I'll go ask in communities later when I can phrase it better.
Second I'm looking for a couple things I'm sure I've seen before but my google-fu failed me on today.
1) Comics characters with disabilities
given the attention to detail of fans, somebody somewhere made a list, right?
2) History of Oracle's wheelchairs
I know I've seen this. It showed all the different chairs she's been put in, and complained about it, and chose a RL chair that would best suit her needs. Fannish attention to detail at its best. Yet today, I cannot find it.
Other fandom characters with disabilities would be cool.
Spike in a wheelchair... does that count? I mean he got out of it again pretty fast.
And Giles was only blind very briefly.
I tend to read the werewolf or vampire or ghost things as metaphor-disability anyway, but that would be outside the scope of the essay by a bunch.
Though there is a thing where disabilities are connected to moral qualities, and disabled people are more often portrayed as monsters.
Like, Hook.
I am of a sudden very tired and possibly babbling.
I think I contributed usefully today, and I don't think I was rude. Much. So another day of coolness.
no subject
Date: 2006-06-15 04:34 pm (UTC)lost both legs in auto accident
no subject
Date: 2006-06-15 05:05 pm (UTC)Sands? Although he only gets blinded towards the end of the film. Goes with El Mariachi becoming a vigilante because he can't play guitar any more? But by the third film he's playing again.
Various one-armed bad guys.
I'm sure I remember a couple of stories from girls' comics in the eighties where the heroine lost either her sight or a leg, but regained her independence because of her pony.
The blind woman in Early Edition. And I've never seen it, but Sue Thomas FBEye -- Googling that one brought up this page (http://www.bbc.co.uk/ouch/columnists/damon/030205.shtml). Ironside. Kids TV shows tend to have more disabled characters than grown-up shows.
I'll see what else I can think of.
no subject
Date: 2006-06-15 05:31 pm (UTC)no subject
Date: 2006-06-15 06:05 pm (UTC)no subject
Date: 2006-06-15 06:08 pm (UTC)(ouched! bad!)
(also I think in my head Xander stays about 17 anyway.)
Spike... open to interpretation.
House I haven't seen, just heard of.
no subject
Date: 2006-06-15 07:18 pm (UTC)no subject
Date: 2006-06-15 08:37 pm (UTC)no subject
Date: 2006-06-15 09:59 pm (UTC)I know I've read discussions of disability before, but there's always the problem that so many characters get only a *temporary* case of something that would be incurable on a normal person ... Batman was paralyzed for a while too, after all.
no subject
Date: 2006-06-17 07:17 pm (UTC)yeah, the temporary thing bugs me
it also leaves it looking really bad when one character is left with something permanent. I mean its obvious its the writers leaving her that way, not something necessary within the constraints of that world. makes it weird.
no subject
Date: 2006-06-16 03:03 pm (UTC)Daredevil is blind. But he's got supersight or something, so maybe that doesn't count.

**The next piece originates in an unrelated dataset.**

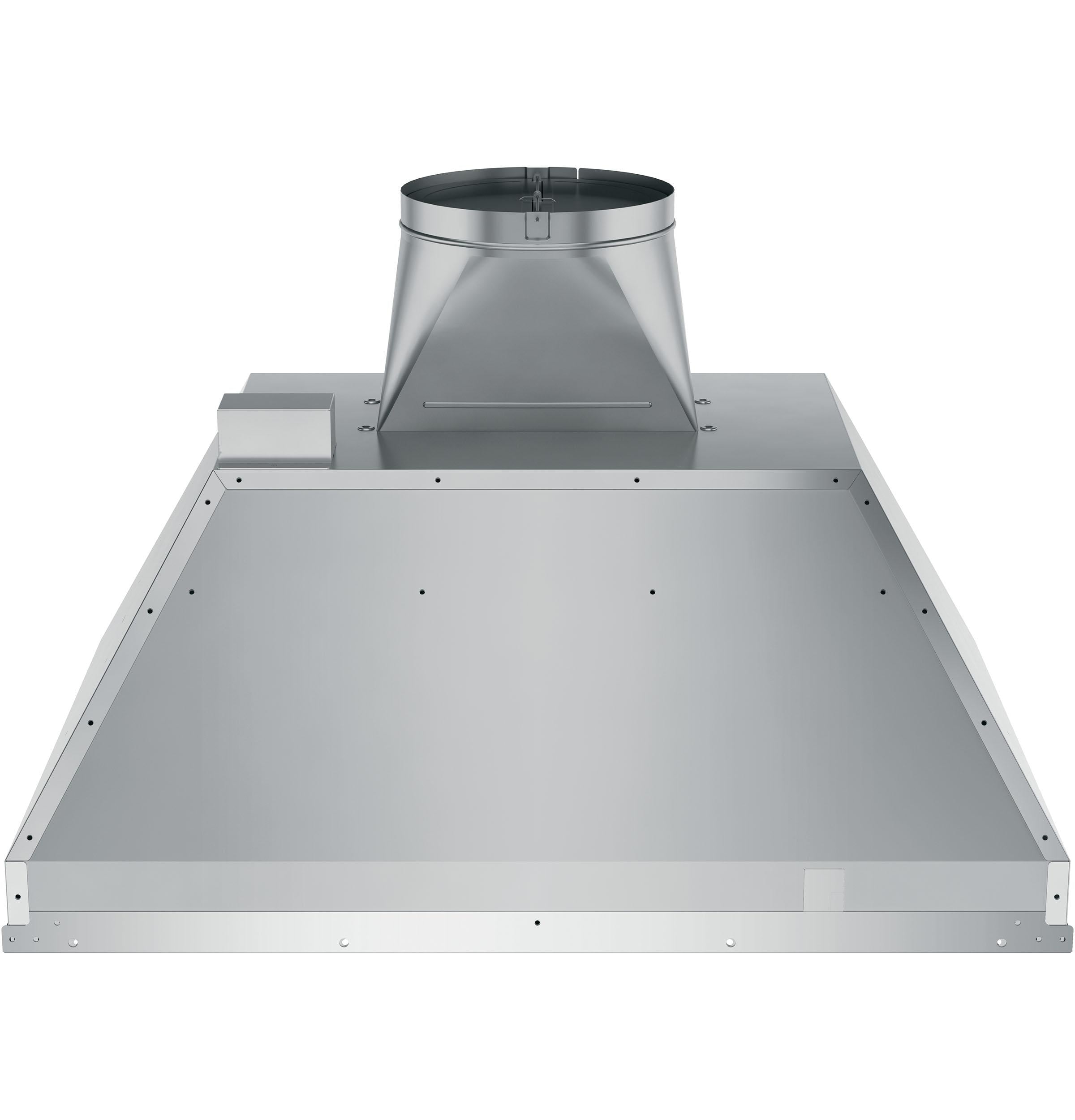 Cafe UVC9300SLSS 30" Smart Designer Custom Insert W/ Dimmable Led Lighting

If you want to get into mythology, there's Hephaestus (god of fire and smithys) who got thrown off Mt. Olympus as a baby and ended up in leg braces.
Superheroes all have some source of weakness that's, while not a typical RL handicap, can be seen as a metaphor as such. Superman's vulnerability to kryptonite (which doesn't bother anyone else) for example. Or the same thing can be both a gift and a handicap. Like Cyclops blasty vision can destroy things, but he can't see even close to normal without his special glasses. Or Rogue can drain other people's life force by touch, but that means that she can't ever experience normal contact with other people.
Also, Geordi on ST:TNG is blind and can only see with the visor thing.
It seems like it's the Villians a lot of times who are disabled. And always very bitter about it. Darth Vadar is dependent on his life support. And sometimes injured by the Hero. Like when Batman dropped the Joker into the vat of acid that messed him up, or whatever.
no subject
Date: 2006-06-17 07:22 pm (UTC)Disabled villains there are indeed many of. Is very annoying.
I remember Hephaestus.
Superhero specialised weaknesses... kryptonite could be kind of like an allergy, but all it ever seems to do is make him as weak as a normal person, so I'm not so much seeing that as a disability as such.